Anger surged through him, even as he told himself he was grateful she hadn’t pulled her punches. “It was completely my fault.”
“Somehow I doubt that. Death is rarely anyone’s fault—at least not completely,” she answered. “Things happen.”
“How can you say that?” He shrugged her off, got up and paced across the room on unsteady legs. “For all you know, I could have pointed a gun at him and shot him.”
He whirled to face her, and if he expected her to be scared, he was disappointed. Instead, she regarded him steadily from her spot on the floor, her knees pulled to her chest like they were having the most regular conversation in the world.
“Did you?”
“Shoot him? Of course not.”
“Well there goes that argument.”
“You’re being pretty flippant considering I just told you my brother is dead.”
She didn’t look as embarrassed by his observation as he’d expected her to be, only a little sad. “It
seems to me that you’re torturing yourself enough for both of us. Someone needs to keep a level head here.”
He didn’t know what to say, didn’t know if there was anything he could say, as a small part of him wondered if she was right. Turning away, he faced out the window toward the parking lot where the last of the traffic from the bar was slowly working its way onto the main street. It was easier than looking at her, easier than seeing that odd understanding in her eyes.
He struggled for control, continuing to watch the mass exodus until the last car had turned out, leaving a lonely red Mustang as the lot’s only occupant. “Is that your car?” he asked, at a loss for anything more meaningful to say.
She crossed the room to peer over his shoulder. “Yep.”
“You want me to change the tire now?”
She wrapped her arms around his waist, skimmed her lips over the ornate lines of the dragon tattoo that covered most of his back. Her easy affection was balm to his tattered soul, even before she answered, “It’ll still be there in the morning.” He felt her smile against his shoulder blade and allowed himself to sink into her words.
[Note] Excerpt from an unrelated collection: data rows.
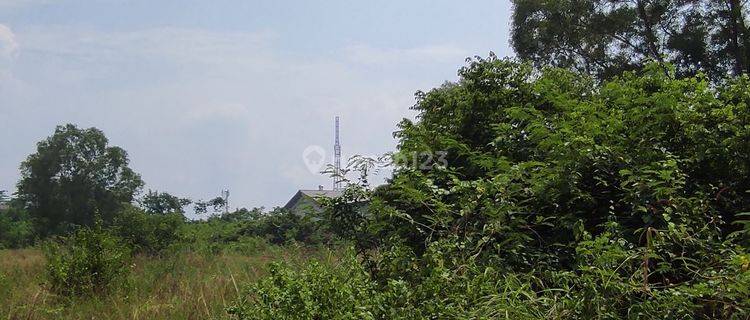 TANAH KOMERSIL SIAP BANGUN SERANG BARAT 1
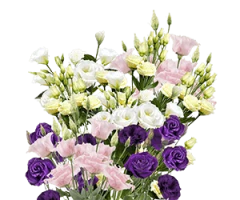 Eustoma grandiflora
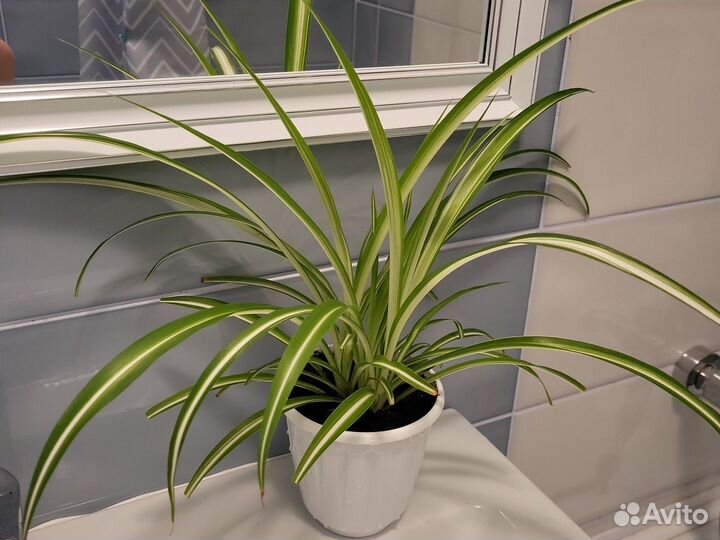 Хлорофитум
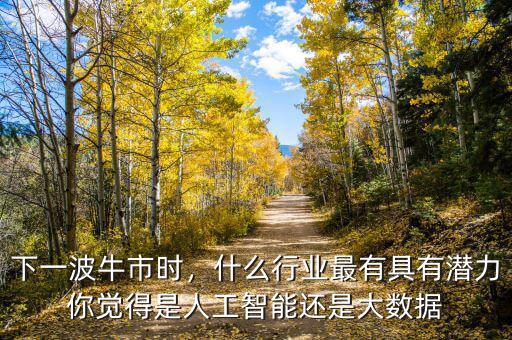 下一波牛市時(shí)，什么行業(yè)最有具有潛力你覺得是人工智能還是大數(shù)據(jù)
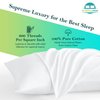 Travel Pillow Case 12x16 Size Set of 2 Envelope Closure Toddler Pillowcase 600 Thread Count 100% Soft Egyptian Cotton Travel Pillow Covers 12 x 16, White Solid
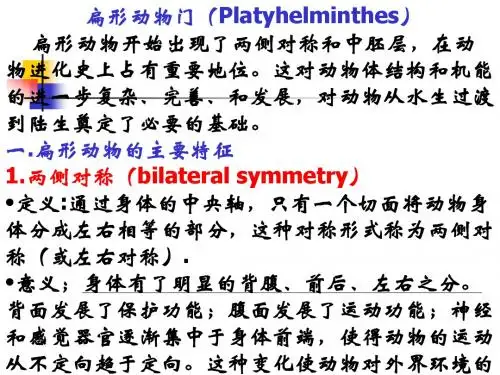 动物学 3扁形动物门(Platyhelminthes)
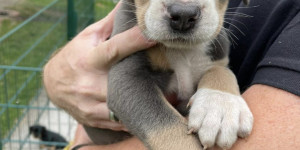 Beitragsbild des Blogbeitrags So bunt können Sennenhunde sein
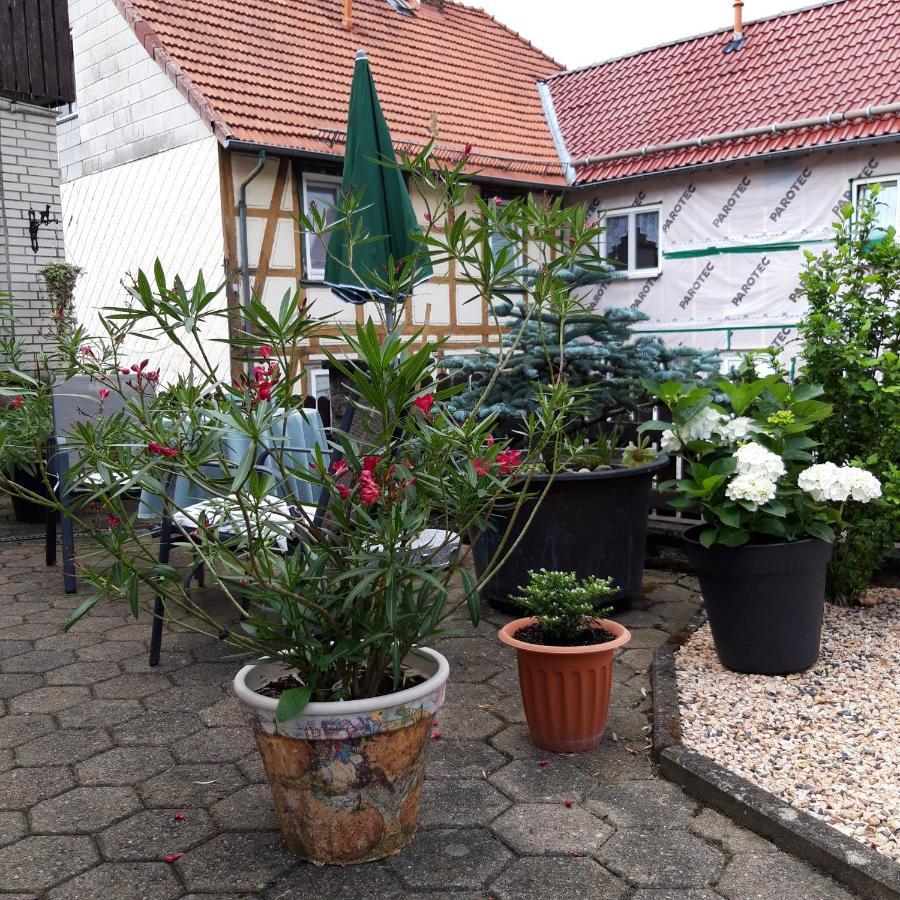 Ferienwohnung Am Berge Wolfshagen  Екстер'єр фото
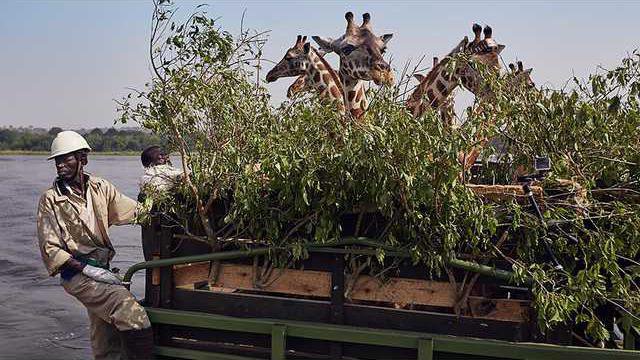 1038b7fdf4f9d0bb75f4c11345f7d1887b63aa39daac800f89f3659da21bb600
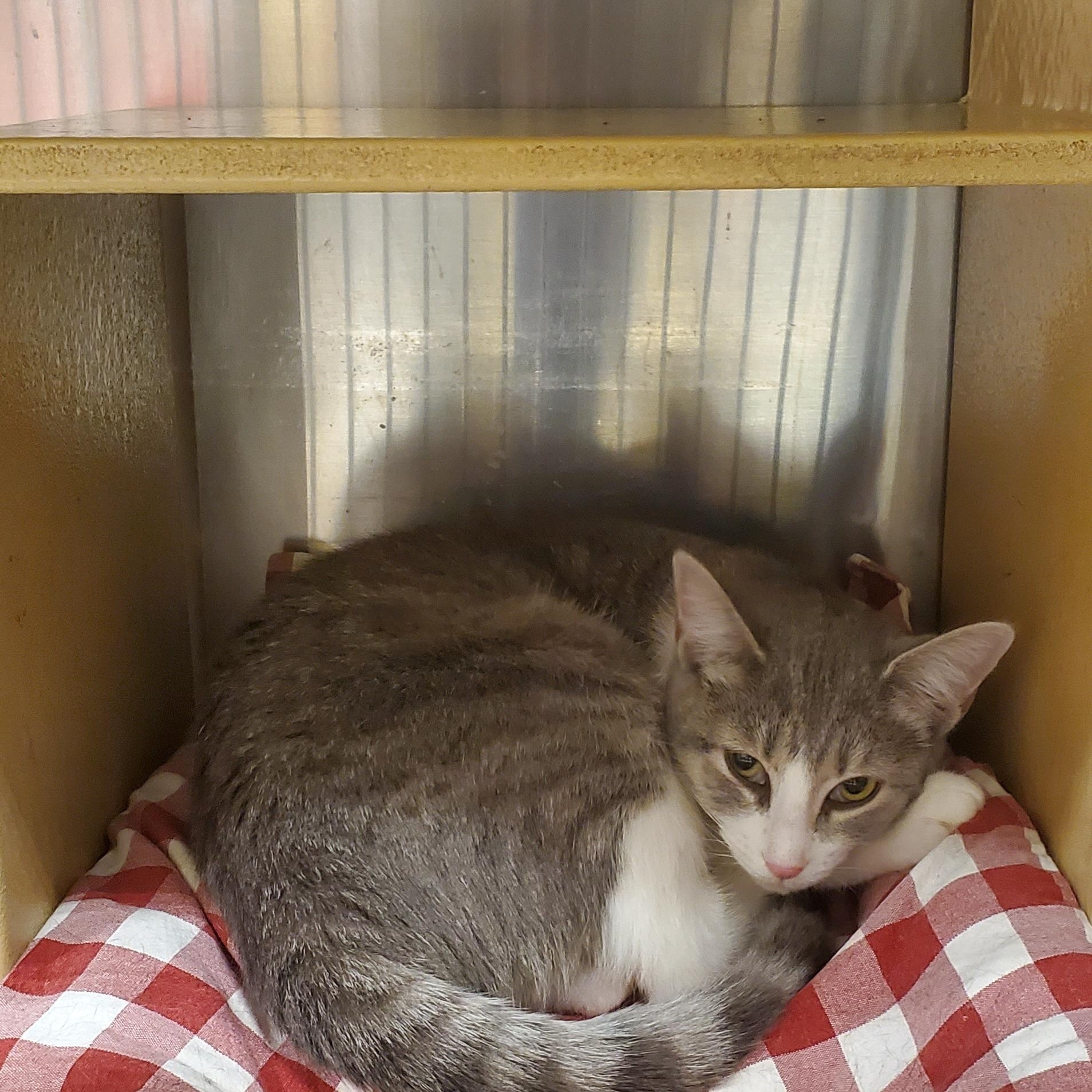 Enlarge Eloise, a Adoptable Domestic Short Hair in Muncie, IN image 2/2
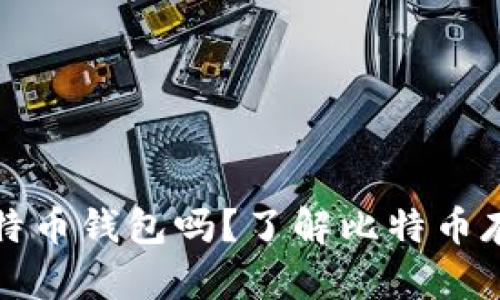 必须下载比特币钱包吗?了解比特币存储的必要性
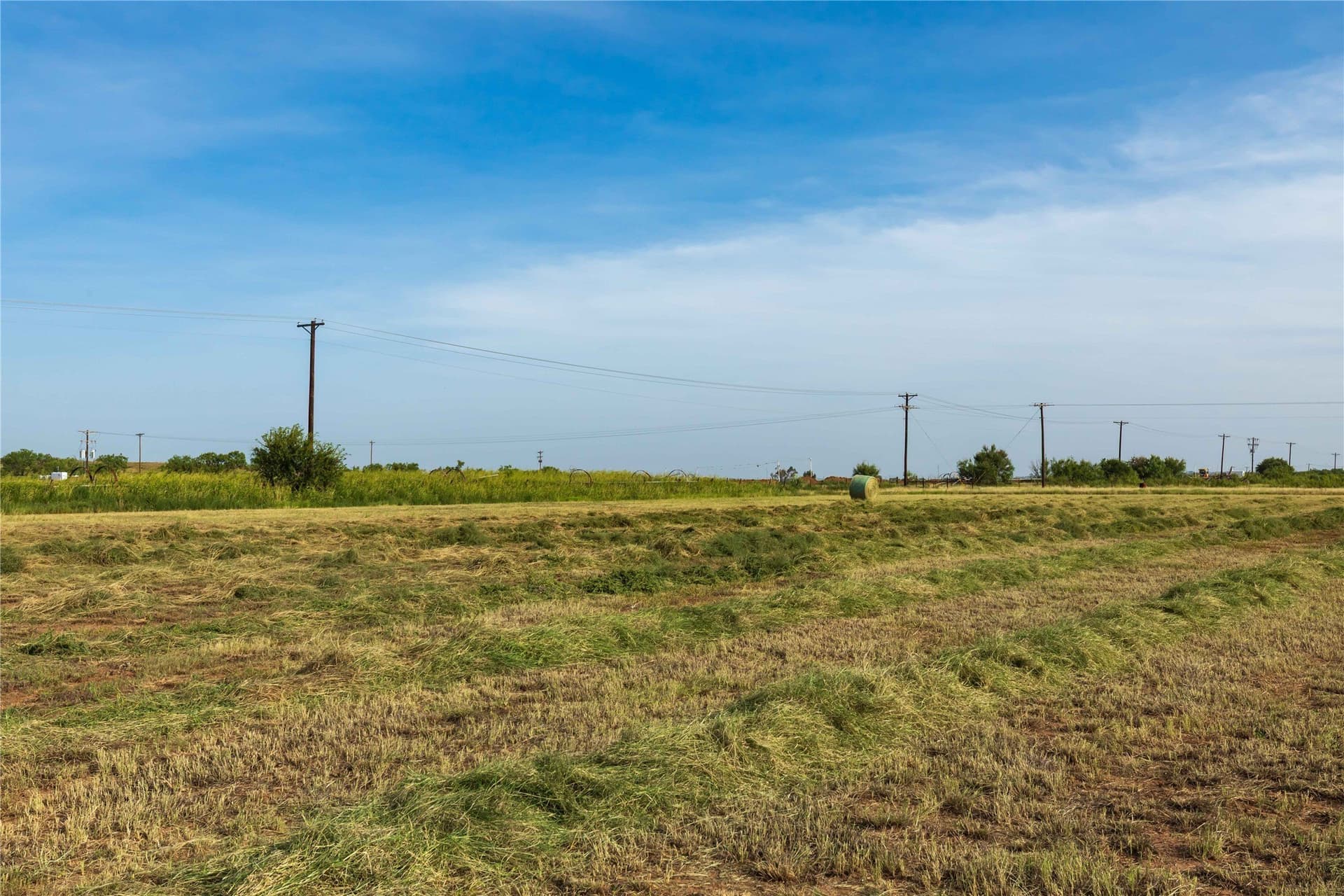 125.62 acres in Scurry County - photo 24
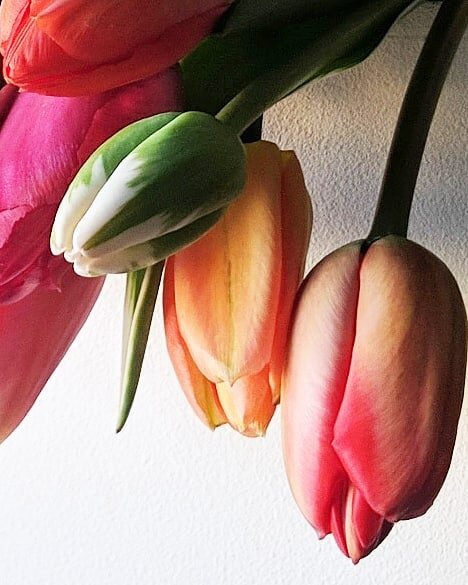 Tulips.jpg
He didn’t know why, but she helped keep his demons at bay, and right now he was too worn out to do anything but let her.
“Besides,” she said, “I can think of a better way to spend the rest of the night.”
“Oh, yeah? And what way is that?”
She leaned away from him a little and he almost protested, except her voice was light and teasing and still close when she whispered, “Guess.”
He turned just in time to catch the wicked grin that flashed across her face. It aroused him all over again, and he gave himself over to the feeling. If sex was the only thing he could bring himself to share with her, then he’d settle for that. The oblivion that came with losing himself in her body sounded really good right about now. Moving toward her, he murmured, “I should probably let you know I’m a pretty good guesser.”